Just more fat on the fire (my, how it sizzle!) from:

	Howard A. Landman
	ogcvax!metheus!howard

TREITEL@SUMEX-AIM.ARPA (04/21/84)

From:  Richard Treitel <TREITEL@SUMEX-AIM.ARPA>

Come on, folks.   When someone says "my brothers and sisters" they do not mean
the intersection of the two sets.   Aside from its legal meaning of "or" which
I mentioned earlier, the English word "and" has at least two more meanings:
logical conjunction, and straight addition (which means union when applied to
sets).   Though I'm willing to be contradicted, I believe that English usage
prefers to intersect predicates rather than sets.   Namely, "tall and fat
people" can mean people who are both tall and fat (intersection), but "tall
people and fat people" means both the set of people who are tall and the set of
people who are fat (union).
                                        - Richard

KIRK.TYM@OFFICE-2.ARPA (04/25/84)

From:  Kirk Kelley  <KIRK.TYM@OFFICE-2.ARPA>

Hmmm, perhaps a friendly retrieval expert should accept statements from the user
like "Dont tell ME how to think!", deduce that there is some ambiguity of
interpretation over the meaning of a request, and ask for explicit
disambiguation of the troublesome operators after each future request, until the
user decides to pick and live with a single unambiguous interpretation.

 -- kirk

colonel@gloria.UUCP (05/04/84)

[Does two pair of straights beat a flush house?]

"Don't tell ME how to think" from a "friendly" system?  This is bending
the definition of friendly.  It recalls the Poker System's notorious
EASY-IN:

	welcome to easy-in.  do you want instructions?
	  NO
	don't say no, just type a command.

"Many 'user-friendly' systems are really user-contemptuous."
-- 
Col. G. L. Sicherman
...seismo!rochester!rocksvax!sunybcs!gloria!colonel

toma@fluke.UUCP (05/04/84)

The use of "and" in speech really is an example of an implicit 
disambiguating rule people apply, rather than a contradiction
resolution.  "And" used in conversation is not the same as "and"
used in logic theory, where logicians have appropriated the word
from common usage and attached an unambigous meaning to it.  In doing
so, they had to throw out all the other meanings encountered in 
common usage.  When one refers to "people living in Transylvania
and Iceland", one is using "and" in the sense of implying a union
of two sets.  Usage of "and" as set intersection is another commonly
encountered meaning, as in "throw out all the cats that are red
and have eaten already."

This ambiguous usage of "and" is foisted on us by the common 
usage of "or", which usually denotes mutual exclusion, but can
be used to imply inclusion (especially by logicians).

			Tom Anderson
			John Fluke Mfg.
			Everett, Wa.

ags@pucc-i (Seaman) (05/18/84)

We are blinded by everyday usage into putting an interpretation on

	"people in Indiana and Ohio"

that really isn't there.  That phrase should logically refer to

	1.  The PEOPLE of Indiana, and
	2.  The STATE of Ohio (but not the people).

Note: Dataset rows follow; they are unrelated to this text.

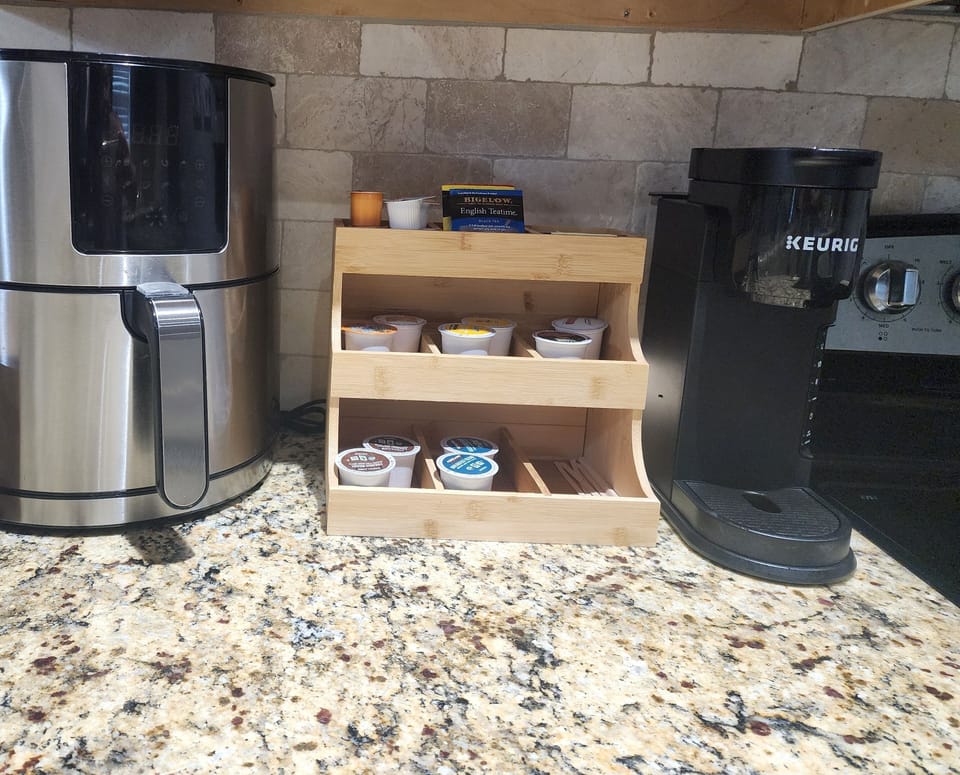 Coffee and Tea Station
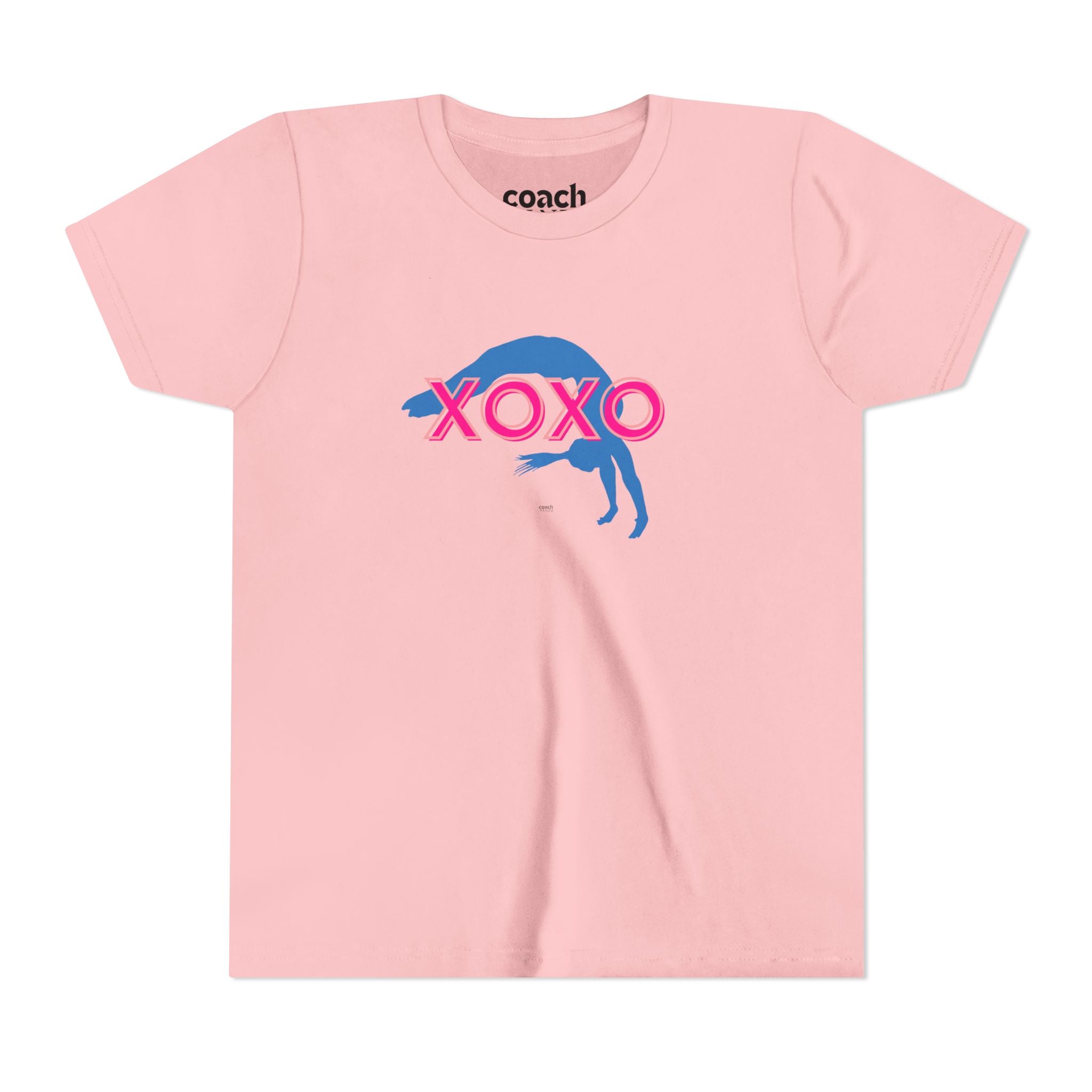 XOXO BHS Short Sleeve Tee (Youth)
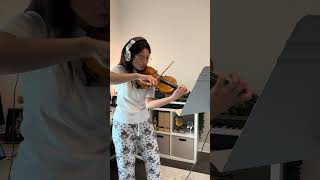 Tchaikovsky 3rd movement Work on progress.. Honestly, I have to work on my stamina and endurance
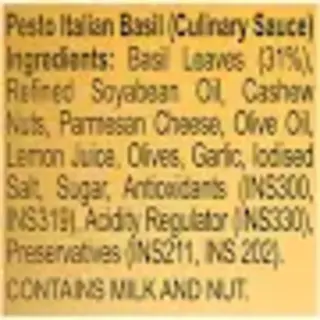 Pesto Basil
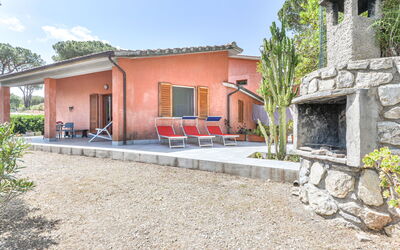 Accommodation:&nbsp;Il Melograno 678.6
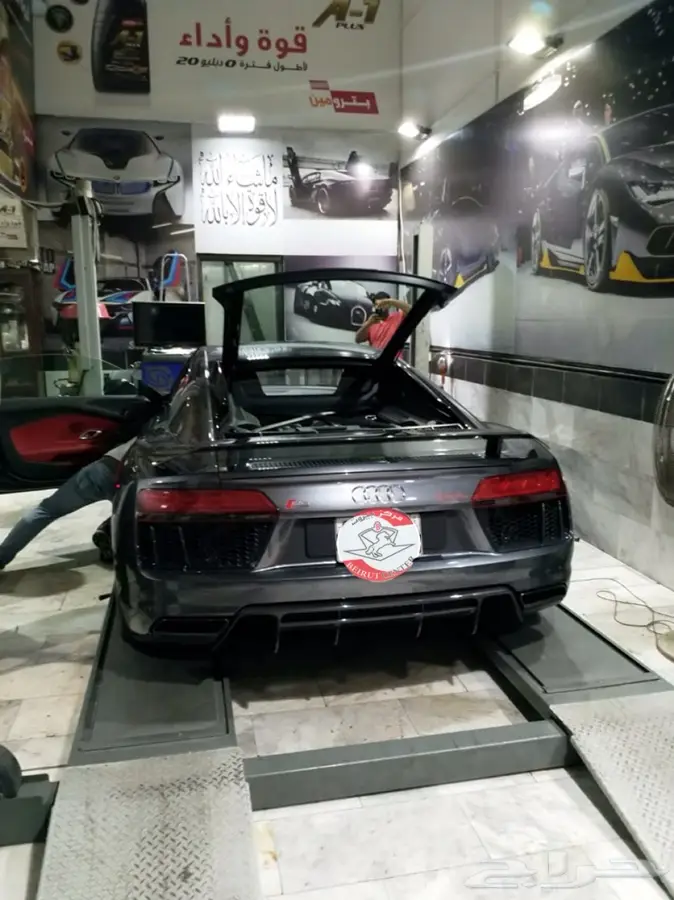 صيانة وفحص سيارات بأحدث التقنيات بجدة 73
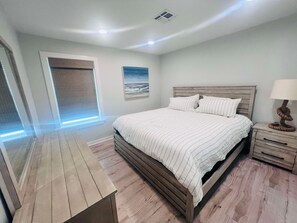 3 slaapkamers, beddengoed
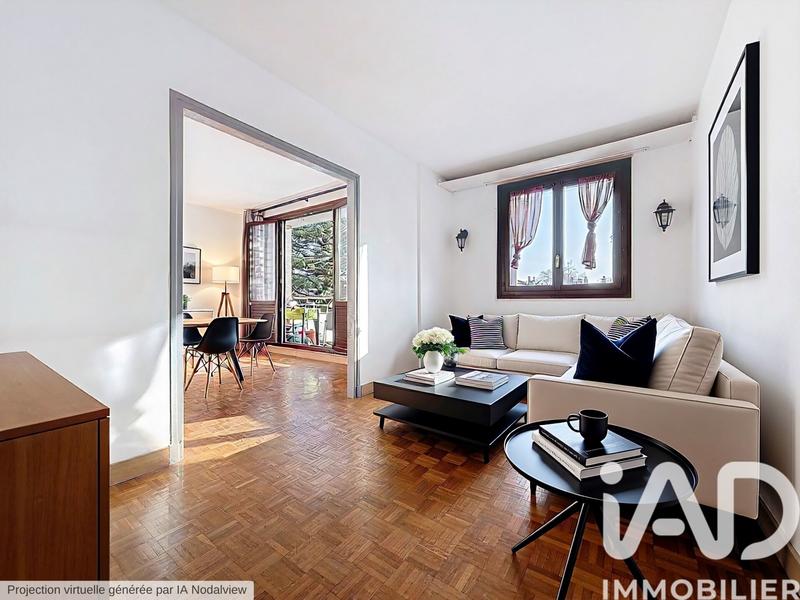 Appartement - 84 m² - 4 pièces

If someone queries a program about "people in Indiana and Ohio", a 
reasonable response by the program might be to ask,

	"Do you mean people in Indiana and IN Ohio?"

which may lead eventually to the result

	"There are no people in Indiana and in Ohio."
-- 

Dave Seaman
..!pur-ee!pucc-i:ags

"Against people who give vent to their loquacity 
by extraneous bombastic circumlocution."

brennan@iuvax.UUCP (05/20/84)

Come on, Dave, I think you missed the point.  No person would
have any trouble at all understanding "people in Indiana and Ohio",
so why should a natural language parser have trouble with it???

JD Brennan
...!ihnp4!inuxc!iuvax!brennan	(USENET)
Brennan@Indiana			(CSNET)
Brennan.Indiana@CSnet-Relay	(ARPA)

dep@allegra.UUCP (Dewayne E. Perry) (05/21/84)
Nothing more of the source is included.